===== Records shown

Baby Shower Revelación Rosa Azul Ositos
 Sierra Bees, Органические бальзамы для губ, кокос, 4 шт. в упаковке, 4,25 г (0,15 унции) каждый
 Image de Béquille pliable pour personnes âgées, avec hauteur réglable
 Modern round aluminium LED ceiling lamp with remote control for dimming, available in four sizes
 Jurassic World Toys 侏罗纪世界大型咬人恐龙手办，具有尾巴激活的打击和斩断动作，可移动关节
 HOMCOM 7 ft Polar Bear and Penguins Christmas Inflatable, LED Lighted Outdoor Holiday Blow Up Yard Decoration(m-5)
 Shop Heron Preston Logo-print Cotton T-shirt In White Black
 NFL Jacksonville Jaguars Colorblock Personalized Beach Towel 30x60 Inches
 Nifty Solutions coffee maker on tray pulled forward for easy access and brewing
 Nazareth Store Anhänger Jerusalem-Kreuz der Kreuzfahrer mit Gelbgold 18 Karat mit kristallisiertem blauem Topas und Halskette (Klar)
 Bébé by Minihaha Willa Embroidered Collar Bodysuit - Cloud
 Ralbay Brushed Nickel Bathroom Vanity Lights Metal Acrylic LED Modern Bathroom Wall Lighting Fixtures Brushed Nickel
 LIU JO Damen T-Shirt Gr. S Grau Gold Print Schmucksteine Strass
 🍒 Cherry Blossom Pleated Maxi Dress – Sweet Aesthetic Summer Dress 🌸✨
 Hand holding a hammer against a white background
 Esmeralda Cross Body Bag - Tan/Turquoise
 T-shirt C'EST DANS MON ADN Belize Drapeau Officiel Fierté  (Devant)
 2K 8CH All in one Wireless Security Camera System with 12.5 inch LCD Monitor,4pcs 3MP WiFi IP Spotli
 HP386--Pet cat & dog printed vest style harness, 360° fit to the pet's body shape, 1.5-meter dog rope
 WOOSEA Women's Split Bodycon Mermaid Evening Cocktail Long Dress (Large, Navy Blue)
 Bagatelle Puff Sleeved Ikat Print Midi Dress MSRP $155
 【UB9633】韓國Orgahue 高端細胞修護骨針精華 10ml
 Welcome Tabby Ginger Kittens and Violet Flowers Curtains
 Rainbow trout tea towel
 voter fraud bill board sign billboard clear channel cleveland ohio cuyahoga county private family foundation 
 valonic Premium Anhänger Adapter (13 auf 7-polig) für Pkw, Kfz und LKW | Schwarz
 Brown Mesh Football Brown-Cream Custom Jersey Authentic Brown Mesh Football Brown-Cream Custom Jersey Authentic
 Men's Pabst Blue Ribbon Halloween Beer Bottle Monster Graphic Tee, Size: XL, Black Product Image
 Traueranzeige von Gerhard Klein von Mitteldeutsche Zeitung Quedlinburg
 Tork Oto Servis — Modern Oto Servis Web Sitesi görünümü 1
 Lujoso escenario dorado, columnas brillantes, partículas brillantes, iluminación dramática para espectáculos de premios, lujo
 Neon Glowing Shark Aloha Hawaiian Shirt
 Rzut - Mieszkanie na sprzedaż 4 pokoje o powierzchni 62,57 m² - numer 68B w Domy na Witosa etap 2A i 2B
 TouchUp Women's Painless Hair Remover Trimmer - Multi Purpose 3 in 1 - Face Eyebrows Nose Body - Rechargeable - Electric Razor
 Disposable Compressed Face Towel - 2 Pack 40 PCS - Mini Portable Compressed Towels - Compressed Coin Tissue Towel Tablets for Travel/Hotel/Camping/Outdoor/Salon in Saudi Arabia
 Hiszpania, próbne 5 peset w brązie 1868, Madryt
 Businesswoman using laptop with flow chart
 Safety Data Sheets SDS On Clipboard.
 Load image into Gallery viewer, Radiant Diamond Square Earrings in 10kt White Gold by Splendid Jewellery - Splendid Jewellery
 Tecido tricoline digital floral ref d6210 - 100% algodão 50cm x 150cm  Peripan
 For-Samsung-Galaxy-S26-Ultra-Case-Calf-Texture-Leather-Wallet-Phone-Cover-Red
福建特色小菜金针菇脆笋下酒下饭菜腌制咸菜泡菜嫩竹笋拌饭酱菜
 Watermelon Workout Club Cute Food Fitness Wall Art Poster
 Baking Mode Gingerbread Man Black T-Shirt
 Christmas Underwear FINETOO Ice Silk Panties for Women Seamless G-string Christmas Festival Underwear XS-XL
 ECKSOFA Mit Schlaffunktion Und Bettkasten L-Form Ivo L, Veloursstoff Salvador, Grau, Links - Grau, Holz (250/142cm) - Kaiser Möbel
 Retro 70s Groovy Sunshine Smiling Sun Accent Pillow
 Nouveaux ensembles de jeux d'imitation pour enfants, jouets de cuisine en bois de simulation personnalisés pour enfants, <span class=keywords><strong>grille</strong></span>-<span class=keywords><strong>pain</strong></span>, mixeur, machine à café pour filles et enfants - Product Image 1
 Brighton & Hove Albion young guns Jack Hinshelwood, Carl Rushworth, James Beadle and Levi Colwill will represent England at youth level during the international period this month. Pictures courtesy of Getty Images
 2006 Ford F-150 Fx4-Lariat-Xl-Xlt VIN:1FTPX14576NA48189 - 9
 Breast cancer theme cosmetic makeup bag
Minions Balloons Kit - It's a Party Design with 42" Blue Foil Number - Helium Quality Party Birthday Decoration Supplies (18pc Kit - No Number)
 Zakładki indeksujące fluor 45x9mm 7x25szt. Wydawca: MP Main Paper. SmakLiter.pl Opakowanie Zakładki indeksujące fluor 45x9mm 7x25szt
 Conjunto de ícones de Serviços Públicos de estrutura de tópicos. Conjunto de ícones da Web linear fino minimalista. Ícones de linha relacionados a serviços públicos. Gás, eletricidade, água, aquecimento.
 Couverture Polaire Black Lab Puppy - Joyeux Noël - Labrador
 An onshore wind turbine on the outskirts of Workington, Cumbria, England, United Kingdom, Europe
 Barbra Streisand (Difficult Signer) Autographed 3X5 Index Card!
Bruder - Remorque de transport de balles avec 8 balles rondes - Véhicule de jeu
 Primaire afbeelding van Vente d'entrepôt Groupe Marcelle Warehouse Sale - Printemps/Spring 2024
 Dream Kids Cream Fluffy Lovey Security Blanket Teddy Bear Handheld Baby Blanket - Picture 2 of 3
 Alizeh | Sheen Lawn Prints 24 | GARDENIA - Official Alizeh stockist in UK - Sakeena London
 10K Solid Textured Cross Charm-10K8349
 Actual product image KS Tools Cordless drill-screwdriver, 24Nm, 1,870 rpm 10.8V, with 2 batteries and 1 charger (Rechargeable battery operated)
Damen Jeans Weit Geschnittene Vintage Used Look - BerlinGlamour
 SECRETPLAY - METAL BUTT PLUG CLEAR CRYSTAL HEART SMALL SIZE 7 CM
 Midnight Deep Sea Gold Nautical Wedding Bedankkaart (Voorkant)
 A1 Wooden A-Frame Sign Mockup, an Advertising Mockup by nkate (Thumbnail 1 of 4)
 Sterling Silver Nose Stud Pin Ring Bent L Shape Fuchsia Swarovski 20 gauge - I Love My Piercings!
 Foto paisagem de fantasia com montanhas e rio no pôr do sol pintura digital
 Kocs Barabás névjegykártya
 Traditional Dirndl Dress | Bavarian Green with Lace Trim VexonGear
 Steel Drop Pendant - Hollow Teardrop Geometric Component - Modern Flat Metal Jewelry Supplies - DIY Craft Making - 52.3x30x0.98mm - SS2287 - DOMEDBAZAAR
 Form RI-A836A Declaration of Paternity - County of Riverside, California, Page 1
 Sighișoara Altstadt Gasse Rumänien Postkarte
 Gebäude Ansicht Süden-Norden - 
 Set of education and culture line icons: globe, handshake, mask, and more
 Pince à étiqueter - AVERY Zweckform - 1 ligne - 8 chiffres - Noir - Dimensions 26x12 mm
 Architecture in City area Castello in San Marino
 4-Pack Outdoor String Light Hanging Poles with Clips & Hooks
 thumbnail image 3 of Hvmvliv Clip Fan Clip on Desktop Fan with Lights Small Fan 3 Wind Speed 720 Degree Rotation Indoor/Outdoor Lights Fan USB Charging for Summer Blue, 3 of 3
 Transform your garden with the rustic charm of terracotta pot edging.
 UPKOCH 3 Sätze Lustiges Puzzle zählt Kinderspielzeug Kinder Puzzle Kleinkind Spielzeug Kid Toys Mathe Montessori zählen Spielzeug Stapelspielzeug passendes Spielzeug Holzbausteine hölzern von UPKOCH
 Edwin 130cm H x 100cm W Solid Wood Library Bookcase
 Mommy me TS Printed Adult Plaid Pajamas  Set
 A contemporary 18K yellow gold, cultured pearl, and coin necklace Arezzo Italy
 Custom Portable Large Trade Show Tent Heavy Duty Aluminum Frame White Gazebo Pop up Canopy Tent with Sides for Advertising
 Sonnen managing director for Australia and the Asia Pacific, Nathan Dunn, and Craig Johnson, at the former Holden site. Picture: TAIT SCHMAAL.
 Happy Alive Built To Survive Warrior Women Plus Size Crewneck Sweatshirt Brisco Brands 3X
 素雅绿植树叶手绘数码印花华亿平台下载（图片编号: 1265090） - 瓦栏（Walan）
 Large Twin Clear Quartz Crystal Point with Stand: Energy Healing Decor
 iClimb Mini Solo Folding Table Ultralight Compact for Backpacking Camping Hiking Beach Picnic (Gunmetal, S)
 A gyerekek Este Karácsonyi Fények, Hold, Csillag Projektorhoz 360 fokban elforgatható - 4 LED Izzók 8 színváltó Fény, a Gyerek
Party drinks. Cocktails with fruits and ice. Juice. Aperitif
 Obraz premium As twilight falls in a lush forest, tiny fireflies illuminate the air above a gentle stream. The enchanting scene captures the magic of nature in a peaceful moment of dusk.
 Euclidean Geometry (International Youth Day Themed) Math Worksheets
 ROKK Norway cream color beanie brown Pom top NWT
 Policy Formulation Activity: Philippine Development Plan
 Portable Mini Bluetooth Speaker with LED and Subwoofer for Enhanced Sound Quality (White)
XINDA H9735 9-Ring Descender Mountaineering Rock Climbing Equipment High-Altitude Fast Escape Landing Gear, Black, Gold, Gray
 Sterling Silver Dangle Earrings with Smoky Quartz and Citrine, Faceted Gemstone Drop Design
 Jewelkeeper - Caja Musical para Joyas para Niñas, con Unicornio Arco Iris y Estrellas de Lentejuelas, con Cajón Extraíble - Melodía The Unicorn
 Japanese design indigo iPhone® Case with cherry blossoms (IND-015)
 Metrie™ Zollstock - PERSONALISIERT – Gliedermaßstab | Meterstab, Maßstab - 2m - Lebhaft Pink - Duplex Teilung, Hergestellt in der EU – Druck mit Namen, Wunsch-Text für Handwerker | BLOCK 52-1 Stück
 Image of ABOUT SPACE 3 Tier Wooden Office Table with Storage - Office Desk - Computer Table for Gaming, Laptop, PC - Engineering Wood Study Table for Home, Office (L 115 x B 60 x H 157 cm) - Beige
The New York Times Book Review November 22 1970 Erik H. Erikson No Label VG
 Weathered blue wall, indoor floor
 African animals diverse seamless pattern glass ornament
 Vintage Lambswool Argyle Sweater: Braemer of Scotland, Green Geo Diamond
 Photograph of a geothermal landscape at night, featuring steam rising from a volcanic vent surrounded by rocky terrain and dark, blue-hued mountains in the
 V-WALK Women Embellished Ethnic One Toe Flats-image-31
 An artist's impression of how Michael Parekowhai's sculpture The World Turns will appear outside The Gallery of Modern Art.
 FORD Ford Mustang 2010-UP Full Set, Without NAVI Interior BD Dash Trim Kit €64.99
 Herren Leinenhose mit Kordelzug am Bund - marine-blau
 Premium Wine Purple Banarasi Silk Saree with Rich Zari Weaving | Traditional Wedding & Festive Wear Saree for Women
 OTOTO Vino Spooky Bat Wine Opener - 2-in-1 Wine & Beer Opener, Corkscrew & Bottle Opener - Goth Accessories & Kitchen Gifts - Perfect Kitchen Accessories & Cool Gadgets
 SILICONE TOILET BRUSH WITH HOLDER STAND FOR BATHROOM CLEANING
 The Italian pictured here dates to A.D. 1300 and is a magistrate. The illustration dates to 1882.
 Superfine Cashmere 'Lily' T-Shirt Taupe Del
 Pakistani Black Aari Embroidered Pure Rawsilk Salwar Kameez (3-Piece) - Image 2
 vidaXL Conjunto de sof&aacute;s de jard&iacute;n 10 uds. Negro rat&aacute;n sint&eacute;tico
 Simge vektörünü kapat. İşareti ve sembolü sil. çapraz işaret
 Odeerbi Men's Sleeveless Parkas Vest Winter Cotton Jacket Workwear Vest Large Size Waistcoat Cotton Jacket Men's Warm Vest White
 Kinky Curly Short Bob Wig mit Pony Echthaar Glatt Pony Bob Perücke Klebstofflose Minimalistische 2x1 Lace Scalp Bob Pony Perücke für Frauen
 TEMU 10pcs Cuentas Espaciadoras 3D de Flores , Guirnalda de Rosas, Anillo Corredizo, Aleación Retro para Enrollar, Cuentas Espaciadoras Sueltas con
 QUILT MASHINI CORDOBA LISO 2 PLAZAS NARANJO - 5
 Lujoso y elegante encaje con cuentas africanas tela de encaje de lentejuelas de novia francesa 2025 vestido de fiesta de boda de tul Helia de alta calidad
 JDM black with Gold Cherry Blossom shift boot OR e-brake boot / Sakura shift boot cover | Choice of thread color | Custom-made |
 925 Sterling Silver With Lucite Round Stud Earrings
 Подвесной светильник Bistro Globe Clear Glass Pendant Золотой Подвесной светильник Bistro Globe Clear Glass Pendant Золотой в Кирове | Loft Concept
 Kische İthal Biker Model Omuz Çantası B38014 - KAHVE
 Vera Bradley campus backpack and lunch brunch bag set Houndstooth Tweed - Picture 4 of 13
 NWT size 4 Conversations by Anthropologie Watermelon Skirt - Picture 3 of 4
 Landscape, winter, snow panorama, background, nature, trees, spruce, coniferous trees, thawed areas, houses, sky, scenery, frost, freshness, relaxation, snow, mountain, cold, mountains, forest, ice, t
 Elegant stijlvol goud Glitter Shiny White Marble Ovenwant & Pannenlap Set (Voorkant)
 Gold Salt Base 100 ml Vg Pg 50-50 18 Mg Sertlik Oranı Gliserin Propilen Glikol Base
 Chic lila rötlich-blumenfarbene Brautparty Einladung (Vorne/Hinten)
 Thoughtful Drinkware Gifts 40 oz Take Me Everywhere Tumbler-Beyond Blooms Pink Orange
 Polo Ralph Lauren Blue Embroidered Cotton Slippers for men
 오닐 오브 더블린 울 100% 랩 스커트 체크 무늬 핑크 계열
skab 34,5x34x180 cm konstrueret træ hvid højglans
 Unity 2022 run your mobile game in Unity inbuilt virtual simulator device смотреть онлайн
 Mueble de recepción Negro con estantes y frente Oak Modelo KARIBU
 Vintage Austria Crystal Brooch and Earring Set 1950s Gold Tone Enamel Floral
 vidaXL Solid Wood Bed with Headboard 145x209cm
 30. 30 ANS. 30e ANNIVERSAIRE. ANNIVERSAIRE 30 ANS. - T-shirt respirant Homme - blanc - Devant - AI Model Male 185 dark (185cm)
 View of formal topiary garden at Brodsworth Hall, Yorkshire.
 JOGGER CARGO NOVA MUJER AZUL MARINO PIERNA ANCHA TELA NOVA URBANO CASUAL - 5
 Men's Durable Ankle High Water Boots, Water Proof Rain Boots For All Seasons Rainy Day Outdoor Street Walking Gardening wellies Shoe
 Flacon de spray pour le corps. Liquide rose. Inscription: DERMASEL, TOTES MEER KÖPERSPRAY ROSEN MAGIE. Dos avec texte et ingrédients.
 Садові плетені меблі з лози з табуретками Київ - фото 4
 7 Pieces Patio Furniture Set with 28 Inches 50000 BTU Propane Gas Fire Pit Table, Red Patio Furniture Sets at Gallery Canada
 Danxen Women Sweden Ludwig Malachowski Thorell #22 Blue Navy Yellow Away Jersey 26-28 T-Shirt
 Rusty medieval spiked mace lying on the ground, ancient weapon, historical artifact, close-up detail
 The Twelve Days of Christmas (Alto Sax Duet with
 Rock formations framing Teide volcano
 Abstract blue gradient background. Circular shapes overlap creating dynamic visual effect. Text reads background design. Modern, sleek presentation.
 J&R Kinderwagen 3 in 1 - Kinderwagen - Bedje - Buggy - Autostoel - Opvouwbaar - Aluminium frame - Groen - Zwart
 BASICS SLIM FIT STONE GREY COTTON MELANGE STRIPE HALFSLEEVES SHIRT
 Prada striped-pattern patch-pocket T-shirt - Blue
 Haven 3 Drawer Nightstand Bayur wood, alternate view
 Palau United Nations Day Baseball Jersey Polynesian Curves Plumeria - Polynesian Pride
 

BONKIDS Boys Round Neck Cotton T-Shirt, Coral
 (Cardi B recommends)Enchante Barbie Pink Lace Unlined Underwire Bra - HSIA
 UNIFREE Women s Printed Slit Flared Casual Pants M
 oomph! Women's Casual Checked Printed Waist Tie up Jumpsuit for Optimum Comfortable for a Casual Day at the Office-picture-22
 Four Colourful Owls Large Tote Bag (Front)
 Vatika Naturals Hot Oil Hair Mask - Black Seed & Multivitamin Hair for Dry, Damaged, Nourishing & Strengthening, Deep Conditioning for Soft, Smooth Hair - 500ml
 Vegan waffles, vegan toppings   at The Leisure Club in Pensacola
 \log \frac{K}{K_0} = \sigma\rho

==========

• What needs to be done
Keeping every character as it is, restate the lines above that run from the line with "Zakładki indeksujące fluor 45x9mm 7x25szt." through the line with "A1 Wooden A-Frame", both included, and nothing else.

• Answer box
 Zakładki indeksujące fluor 45x9mm 7x25szt. Wydawca: MP Main Paper. SmakLiter.pl Opakowanie Zakładki indeksujące fluor 45x9mm 7x25szt
 Conjunto de ícones de Serviços Públicos de estrutura de tópicos. Conjunto de ícones da Web linear fino minimalista. Ícones de linha relacionados a serviços públicos. Gás, eletricidade, água, aquecimento.
 Couverture Polaire Black Lab Puppy - Joyeux Noël - Labrador
 An onshore wind turbine on the outskirts of Workington, Cumbria, England, United Kingdom, Europe
 Barbra Streisand (Difficult Signer) Autographed 3X5 Index Card!
Bruder - Remorque de transport de balles avec 8 balles rondes - Véhicule de jeu
 Primaire afbeelding van Vente d'entrepôt Groupe Marcelle Warehouse Sale - Printemps/Spring 2024
 Dream Kids Cream Fluffy Lovey Security Blanket Teddy Bear Handheld Baby Blanket - Picture 2 of 3
 Alizeh | Sheen Lawn Prints 24 | GARDENIA - Official Alizeh stockist in UK - Sakeena London
 10K Solid Textured Cross Charm-10K8349
 Actual product image KS Tools Cordless drill-screwdriver, 24Nm, 1,870 rpm 10.8V, with 2 batteries and 1 charger (Rechargeable battery operated)
Damen Jeans Weit Geschnittene Vintage Used Look - BerlinGlamour
 SECRETPLAY - METAL BUTT PLUG CLEAR CRYSTAL HEART SMALL SIZE 7 CM
 Midnight Deep Sea Gold Nautical Wedding Bedankkaart (Voorkant)
 A1 Wooden A-Frame Sign Mockup, an Advertising Mockup by nkate (Thumbnail 1 of 4)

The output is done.